Use Rails 6 built-in parallelizer API for running parallel RSpec executors
https://edgeguides.rubyonrails.org/testing.html#parallel-testing
https://github.com/rails/rails/pull/31900#issuecomment-374299402
We'd love to support parallel tests with RSpec itself, its a rather large task however. If we get parallelisation support into rspec-core you can be sure we'll integrate with the rails helpers.
Note that linked #1254 says:
There are bunch of gems that allow for parallel execution, but all of these are process based and not thread based.
I believe the parallel testing now built into Rails can be process-based or thread-based, and by default is process-based.
Is supporting Rails process-based parallel testing less of a challenge? It looks like one of the main things Rails does for you when supporting this is setting up a separate database for each test worker, as well as orchestrate getting each worker to run different tests and aggregating the results.
In the short term all we could offer is to help integrate 3rd party parallel testing with Rails tools.
Our own parallel journey requires changes to rspec-core which are mostly identical for process or thread based.
Please note there are parallel testing extensions for RSpec already!
Discourse now has a solution based on parallel_tests https://github.com/discourse/discourse/pull/7778
Is there any update on supporting the activesupport parallelize
helper in rspec-rails, now that rails 6 has been released?
Sorry, I meant to include a link with more details:
No, RSpec itself needs to support parallelisation in order for it to supported
Sorry @JonRowe - can I please clarify something?
rspec-core needs updating even for multi-process parallelisation, right? (not just multi-threaded parallelisation as described in https://github.com/rspec/rspec-core/issues/1254, which I would assume is more challenging)
The main rspec-core runner doesn't support parallelisation, so it has no means of collating results from workers, be they threads or processes. Process based parallelisation is simpler than thread based due to well, the GIL on MRI rubies and lack of 100% thread safety within the other gems. (I'm fairly certain for example that there are threaded bugs lurking within the mocks code).
My ideal plan for taking us to parallelisation is to use the "fork" model that the bisect runner uses, maybe with a fall back to a "shell" model (essentially processes) but I haven't had the time to work much on it.
to summarize: regardless if thread or processes: rspec-core isn't supporting it yet, so if we run a rails 6.0 application and use rspec, we won't benefit from it. correct?
The helpers are there to support parallelisation, rspec on its own doesn't support parallelisation so you'll need an extension gem to benefit from it.
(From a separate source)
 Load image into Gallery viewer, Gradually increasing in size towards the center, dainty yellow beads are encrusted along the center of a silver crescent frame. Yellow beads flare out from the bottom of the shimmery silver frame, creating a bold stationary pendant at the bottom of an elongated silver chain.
My ideal plan for taking us to parallelisation is to use the "fork" model that the bisect runner uses, maybe with a fall back to a "shell" model (essentially processes) but I haven't had the time to work much on it.
@JonRowe Would you copy all bisect
code and renaming the namespace to parallel
and make the required changes?
No I'm writing it from first principles using the bisect runner as a guide and some other external gems.
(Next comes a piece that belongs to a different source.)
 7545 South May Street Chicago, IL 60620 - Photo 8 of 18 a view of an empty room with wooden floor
@JonRowe thanks for taking this on! Is there anything we can do to help this along? Not sure I'm qualified to write any of the runner but if there's something, please let us know!
Hey guys! What's the latest on this?
Still awaiting finishing the core work
Since Support Multithread Execution ticket on rspec-core
doesn't seem to be a good fit, let me do a brain dump of tools that allow for parallelization of RSpec suite execution here:
before(:context)
All or most of those tools allow for parallelized execution in processes, arranging work with several databases via more or less common TEST_ENV_NUMBER
env var.
With such a variety of tools, it seems that parallel testing of Rails applications with RSpec is not really an unsolved problem.
On my last project, we were running a dozen machines each running eight RSpec processes, that allowed to reduce spec suite wall clock run time 50x.
It's not by the way constrained by the usage of Rails 6, works equally in Rails 4.2+.
Basing on the efforts that had to be spent on building and maintaining such a tool while working full-time, I wouldn't really expect that a comparable tool to appear out of thin air in RSpec distribution and to immediately become better than everything else on the market.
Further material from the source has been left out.